# Pierre Du Moulin on Arminianism and John 3:16



## Reformed Covenanter (Jun 16, 2020)

I. They bring that place of _Saint John_, _Chapter_ 3. _Verse_ 16. Where God is said to have so loved the world, that he gave his Son: which place we have already taught, doth hurt _Arminius_; and that the sending of the Son is in the following words, restrained to the believers alone. Whence it is manifest, that Christ was not sent, but to save them who were to believe.

I might say that the world is here taken for the faithful alone; as, _John_ 6. 33 and I _Tim_. 3.16 and _Heb_. 2.5. But although we grant, that by the world all mankind are contained in the whole, yet it will not thence follow, that Christ purchased Salvation for all, and particular men, doth abundantly testify, that mankind is loved by God. ...

For more, see Pierre Du Moulin on Arminianism and John 3:16.


----------



## Reformed Covenanter (Jun 16, 2020)

I must admit that I find the second paragraph highly ambiguous.
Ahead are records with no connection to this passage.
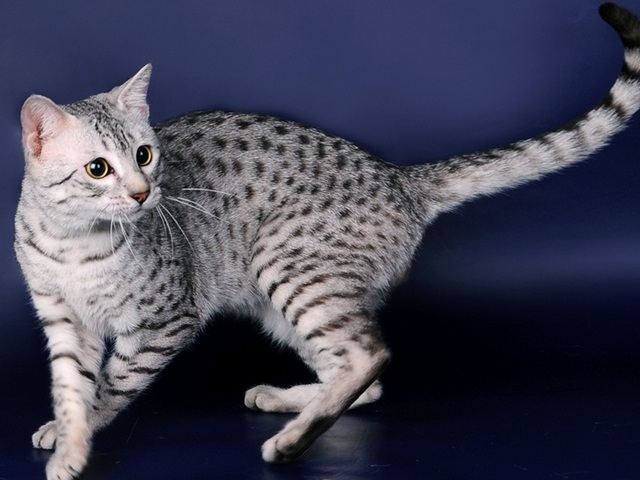 Породы кошек в Шали | ЗооТом портал о животных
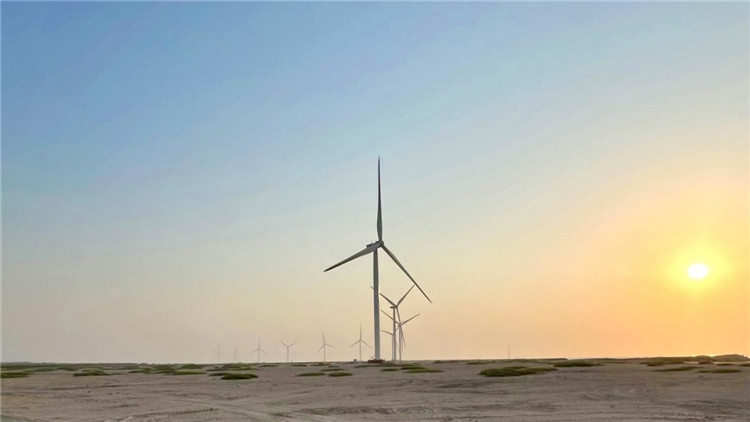 圖為阿聯(lián)酋風(fēng)電示范項目在阿布扎比薩爾巴尼亞斯島上的風(fēng)電場。 中國電建供圖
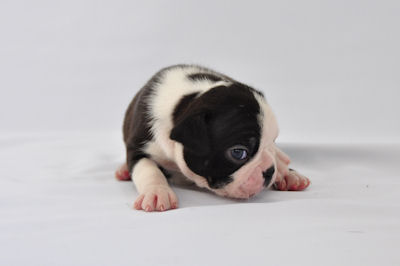 ボストンテリア　ブリーダー　子犬販売の専門店　AngelWan　ブサカワ　鼻ペチャ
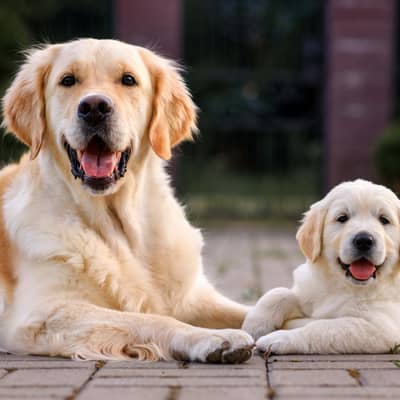 Golden retriever puppies 0313*9363417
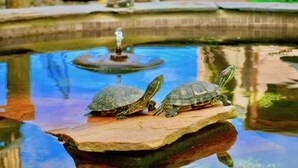 Tres tortugas sobre una plataforma de madera, con una fuente al fondo.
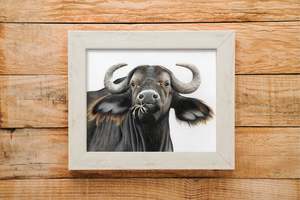Buffalo print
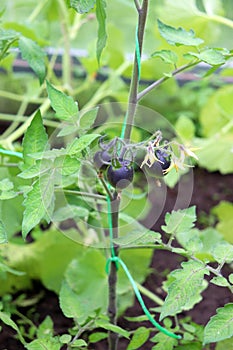 black cherry tomatoes on a branch with flowers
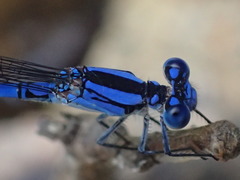 Argia lacrimans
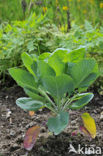 boerenkool (Brassica oleracea)
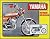 1974-1976 Yamaha RD125 RD20...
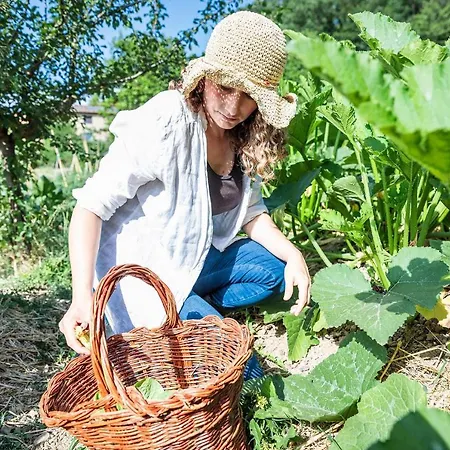 Farm stay La Fontaccia Rufina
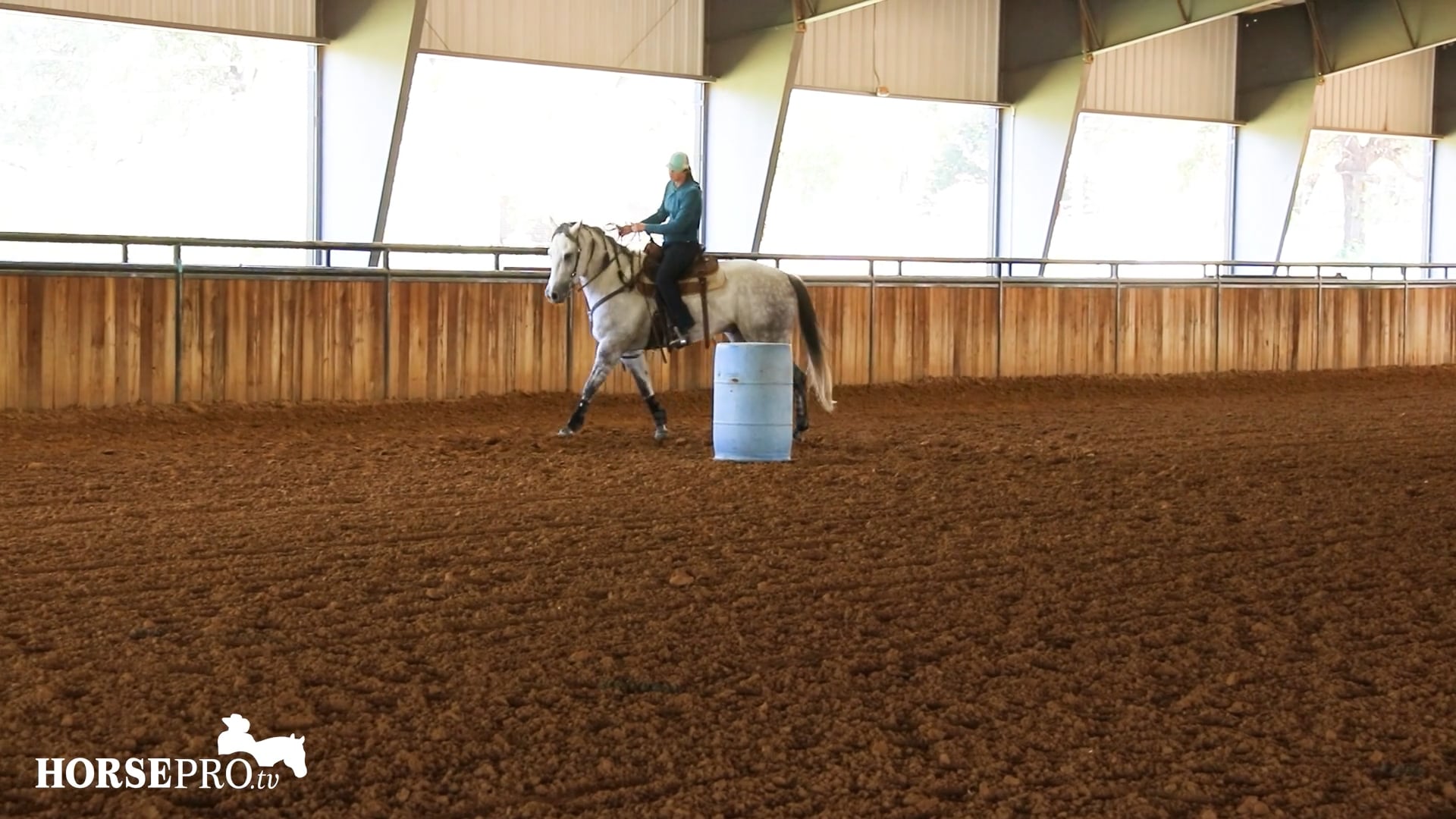 Addressing Small Issues in a Futurity Horse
Maybe it is just the way it was translated?


----------



## W.C. Dean (Jun 16, 2020)

I think the second paragraph is saying that in general, world means all mankind, but it seems when referencing the world and salvation the Bible is pointing us to the elect across the planet.

Reactions: Like 1


----------



## PezLad (Jun 16, 2020)

Can world extent beyond people unto the whole creation? That is since the whole creation groans, yes including we who have the first fruits of the Spirit, God in Christ is redeeming all things, throwing death and Hades into hell and bringing the elect into the new heavens and new earths. Is God grieved not only at that those made in his image, their defacing of it, but also the corruption of all nature?


----------



## PezLad (Jun 16, 2020)

In regards to particular redemption, i see a parallel here which gives much insight; John 11: 51 .............."prophesied that Jesus would die for the nation, 52 and not for that nation only, but also that He would gather together in one the children of God who were scattered abroad. 1 John 2:2 My little children "............." And He Himself is the propitiation for our sins, and not for ours only but also for the whole world. Hence the salvation found in Christ extends beyond the borders of Israel.


----------